In der Hauptverhandlung belastete er nun erstmals Andre S. schwer. Dieser habe sich sehr geärgert, dass sich der betrunkene Uwe S. so daneben benommen habe und trotz Aufforderung die Wohnung verlassen wollte. Deshalb habe er ihn über Stunden mit starken Faustschlägen traktiert und später ins Bad geschickt, damit er ihm nicht die ganze Wohnung mit seinem Blut verschmutze. Als Andre. S. am nächsten Morgen zur Arbeit ging, sei Uwe S. auf allen vieren vom Bad zum Wohnzimmersofa gekrochen.

Später am Tag habe der 44-Jährige sich plötzlich eingenässt und habe auf Ansprachen und Rütteln nicht mehr reagiert. Deshalb habe er die Notfallnummer gewählt und bis zum Eintreffen der Sanitäter Wiederbelebungsmaßnahmen durchgeführt – letztlich vergebens.
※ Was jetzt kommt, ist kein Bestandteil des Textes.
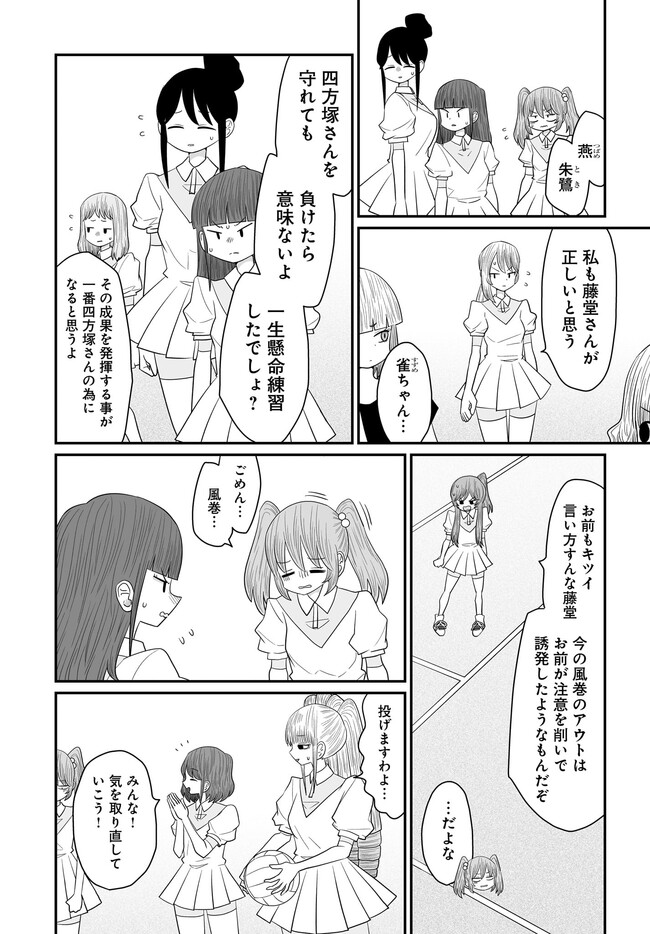 P32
Nach Überzeugung des Gerichtsmediziners muss Robin R. jene Schläge geführt haben, die letztlich zum Tod von Uwe S führten. Es bestehe ein enger zeitlicher Zusammenhang zwischen den Verletzungen und dem Ersticken durch das Blut. Andre S. komme als Verursacher nicht in Frage, da er ja am Morgen die Wohnung verlassen habe.

Beiden Angeklagten wirft die Staatsanwaltschaft Körperverletzung mit Todesfolge und Totschlag durch Unterlassen vor.
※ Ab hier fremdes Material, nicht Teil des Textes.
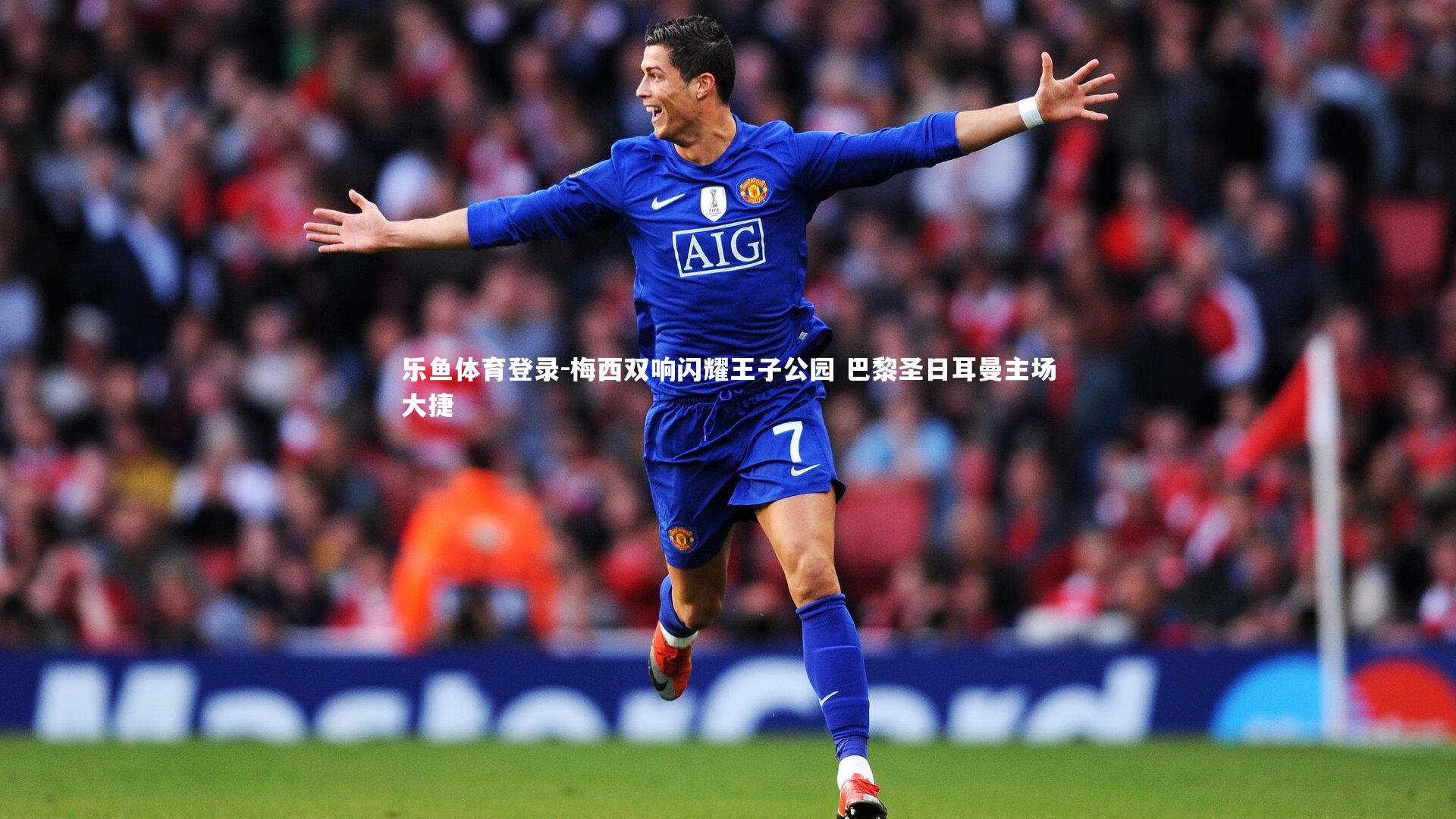 乐鱼体育登录-梅西双响闪耀王子公园 巴黎圣日耳曼主场大捷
Einen überaus zwiespältigen Eindruck hinterließ vor Gericht das Rettungsteam, das an jenem Abend in die Rehauer Wohnung gerufen wurde. Sowohl die beiden Rettungssanitäter als auch die Notärztin sagten aus, dass Uwe A. intubiert und beatmet wurde und dies auch ohne Schwierigkeiten möglich gewesen sei. Der Brustkorb habe sich gehoben und gesenkt. Nach der Ansicht von Professor Betz kann dies nicht der Wahrheit entsprechen. Bei der Obduktion stellten er und seine Mitarbeiter fest, dass der Mundraum des Toten voller Blut war, sogar eine Zwei-Euro-Münze fand sich darin. Die Luftröhre war vollkommen mit Blut gefüllt. Betz knapp und bündig: Eine fachgerechte Beatmung könne es gar nicht gegeben haben.

Der Prozess wird fortgesetzt.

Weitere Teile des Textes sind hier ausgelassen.